Task prompt:
Return every line below as is, leaving out the pictures.

Supplied material:
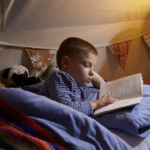 Primary school boy lying on his side reading a book in bed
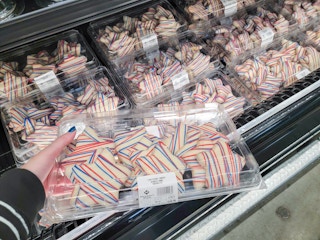hand holding a container of red, white, and blue star cookies
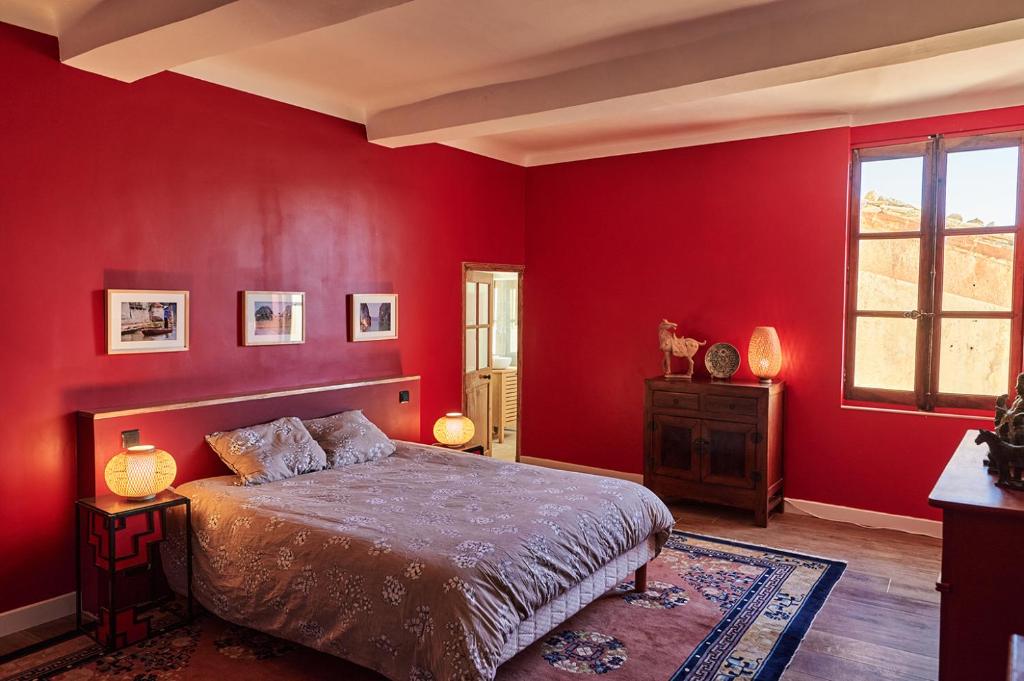 a bedroom with red walls and a bed and a window at Chateau de Beaucouse in Thoard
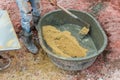 A worker mixes cement with sand directly in a pickup. Preparation of the mixture. Construction worker, sand and Cement mixed in th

Completed exercise:
 Primary school boy lying on his side reading a book in bed
hand holding a container of red, white, and blue star cookies
 a bedroom with red walls and a bed and a window at Chateau de Beaucouse in Thoard
 A worker mixes cement with sand directly in a pickup. Preparation of the mixture. Construction worker, sand and Cement mixed in th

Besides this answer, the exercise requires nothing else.